> **Goal of the exercise**
Please repeat the lines of the material below exactly, starting with the one that contains "Può includere: Un" and ending with the last.

> **Input data**

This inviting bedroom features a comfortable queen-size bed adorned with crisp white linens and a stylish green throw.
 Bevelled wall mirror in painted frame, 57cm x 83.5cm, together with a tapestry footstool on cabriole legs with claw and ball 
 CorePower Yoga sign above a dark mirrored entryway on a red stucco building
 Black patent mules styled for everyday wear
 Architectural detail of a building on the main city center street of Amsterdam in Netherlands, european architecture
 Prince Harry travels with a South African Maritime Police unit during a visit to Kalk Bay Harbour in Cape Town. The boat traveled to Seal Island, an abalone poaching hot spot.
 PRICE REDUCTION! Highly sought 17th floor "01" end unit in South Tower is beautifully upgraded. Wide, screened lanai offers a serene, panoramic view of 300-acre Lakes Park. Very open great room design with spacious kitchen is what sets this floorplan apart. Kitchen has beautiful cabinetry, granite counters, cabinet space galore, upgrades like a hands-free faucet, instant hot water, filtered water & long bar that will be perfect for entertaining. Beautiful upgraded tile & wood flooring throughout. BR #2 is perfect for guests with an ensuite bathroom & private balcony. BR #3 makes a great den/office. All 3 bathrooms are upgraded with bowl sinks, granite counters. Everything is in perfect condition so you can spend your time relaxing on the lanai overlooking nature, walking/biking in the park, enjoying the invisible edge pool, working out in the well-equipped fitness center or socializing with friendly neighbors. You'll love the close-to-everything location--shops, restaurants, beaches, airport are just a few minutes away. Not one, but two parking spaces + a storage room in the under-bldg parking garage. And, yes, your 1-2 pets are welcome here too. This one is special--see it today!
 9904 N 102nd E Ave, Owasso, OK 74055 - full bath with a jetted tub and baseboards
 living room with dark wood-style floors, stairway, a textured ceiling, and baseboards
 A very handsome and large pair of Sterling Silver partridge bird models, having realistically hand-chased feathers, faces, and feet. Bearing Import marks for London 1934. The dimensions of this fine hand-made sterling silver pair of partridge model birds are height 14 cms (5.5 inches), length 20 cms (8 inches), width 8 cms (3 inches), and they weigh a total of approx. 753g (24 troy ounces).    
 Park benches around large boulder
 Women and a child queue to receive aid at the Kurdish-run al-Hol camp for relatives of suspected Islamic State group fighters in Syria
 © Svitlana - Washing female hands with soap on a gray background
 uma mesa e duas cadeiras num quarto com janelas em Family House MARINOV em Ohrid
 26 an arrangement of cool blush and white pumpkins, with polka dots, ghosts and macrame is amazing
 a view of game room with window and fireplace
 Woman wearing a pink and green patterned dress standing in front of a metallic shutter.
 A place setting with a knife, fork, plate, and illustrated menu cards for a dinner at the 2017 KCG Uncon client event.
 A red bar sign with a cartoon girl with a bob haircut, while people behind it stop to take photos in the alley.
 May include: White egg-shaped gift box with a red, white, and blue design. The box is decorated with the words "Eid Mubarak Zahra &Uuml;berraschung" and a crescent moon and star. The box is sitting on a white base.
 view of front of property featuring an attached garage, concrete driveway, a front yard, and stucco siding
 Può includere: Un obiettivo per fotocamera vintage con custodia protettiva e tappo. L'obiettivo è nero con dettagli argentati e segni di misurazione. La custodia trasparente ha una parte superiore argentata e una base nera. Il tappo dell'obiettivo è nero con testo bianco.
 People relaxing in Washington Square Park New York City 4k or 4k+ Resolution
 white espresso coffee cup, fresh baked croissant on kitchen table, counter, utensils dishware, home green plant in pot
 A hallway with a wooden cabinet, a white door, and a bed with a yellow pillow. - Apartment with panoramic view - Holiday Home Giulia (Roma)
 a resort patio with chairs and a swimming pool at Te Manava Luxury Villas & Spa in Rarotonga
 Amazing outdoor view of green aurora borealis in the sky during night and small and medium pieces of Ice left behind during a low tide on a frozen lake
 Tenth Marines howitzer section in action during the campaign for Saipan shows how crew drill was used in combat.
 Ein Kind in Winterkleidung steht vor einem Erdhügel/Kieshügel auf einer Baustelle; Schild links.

> **Output for this task**
 Può includere: Un obiettivo per fotocamera vintage con custodia protettiva e tappo. L'obiettivo è nero con dettagli argentati e segni di misurazione. La custodia trasparente ha una parte superiore argentata e una base nera. Il tappo dell'obiettivo è nero con testo bianco.
 People relaxing in Washington Square Park New York City 4k or 4k+ Resolution
 white espresso coffee cup, fresh baked croissant on kitchen table, counter, utensils dishware, home green plant in pot
 A hallway with a wooden cabinet, a white door, and a bed with a yellow pillow. - Apartment with panoramic view - Holiday Home Giulia (Roma)
 a resort patio with chairs and a swimming pool at Te Manava Luxury Villas & Spa in Rarotonga
 Amazing outdoor view of green aurora borealis in the sky during night and small and medium pieces of Ice left behind during a low tide on a frozen lake
 Tenth Marines howitzer section in action during the campaign for Saipan shows how crew drill was used in combat.
 Ein Kind in Winterkleidung steht vor einem Erdhügel/Kieshügel auf einer Baustelle; Schild links.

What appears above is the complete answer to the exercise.